THE PROBLEM: Instruction for the data below: set down exactly the lines from the line with "Hot sushi fritter maki on a white plate" to the line with "England and Scotland", inclusive, and no others.

DATA:
________________
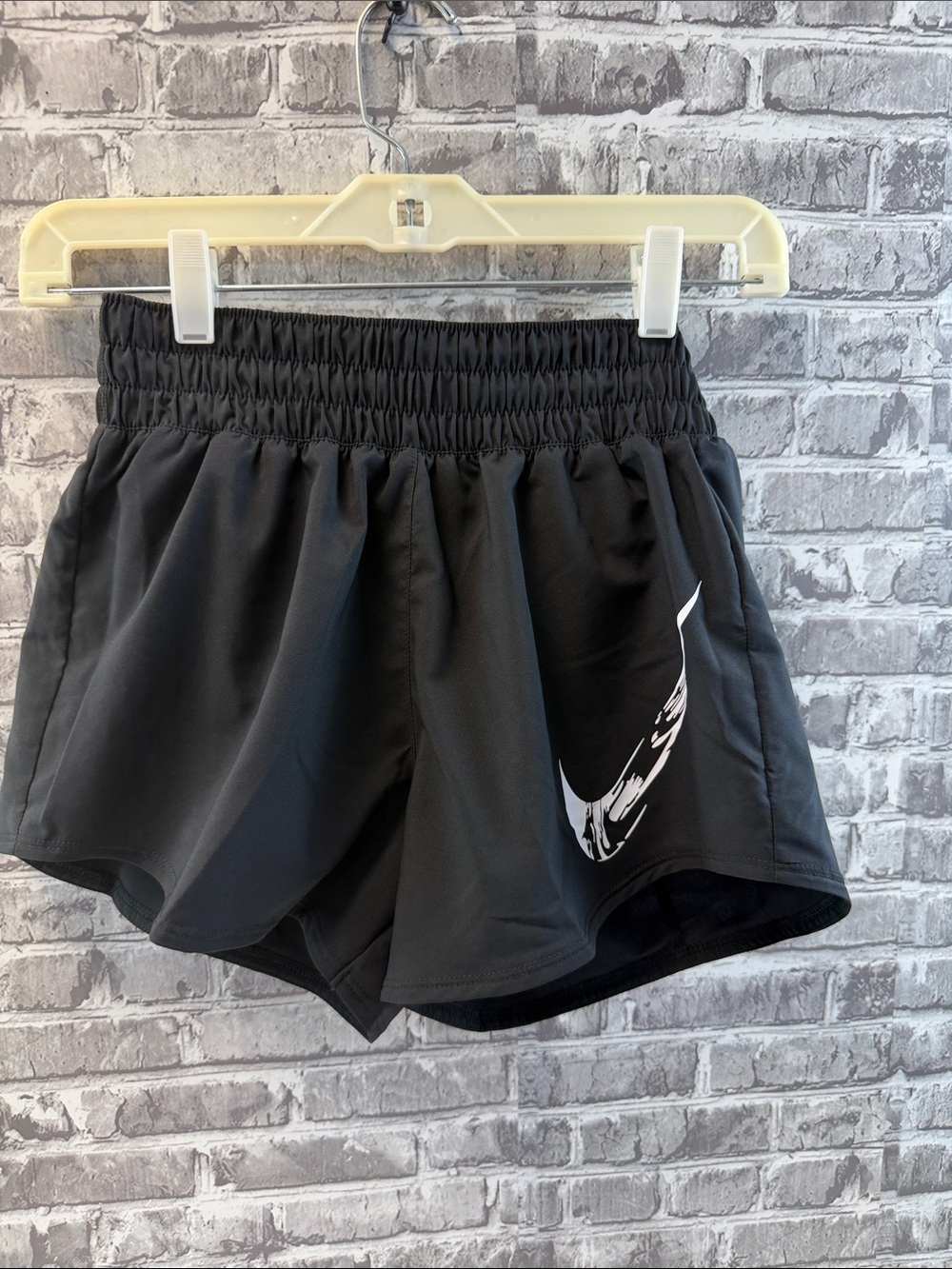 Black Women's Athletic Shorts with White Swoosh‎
________________
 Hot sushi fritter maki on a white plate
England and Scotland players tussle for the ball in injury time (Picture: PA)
________________
YOUR SOLUTION:
 Hot sushi fritter maki on a white plate
England and Scotland players tussle for the ball in injury time (Picture: PA)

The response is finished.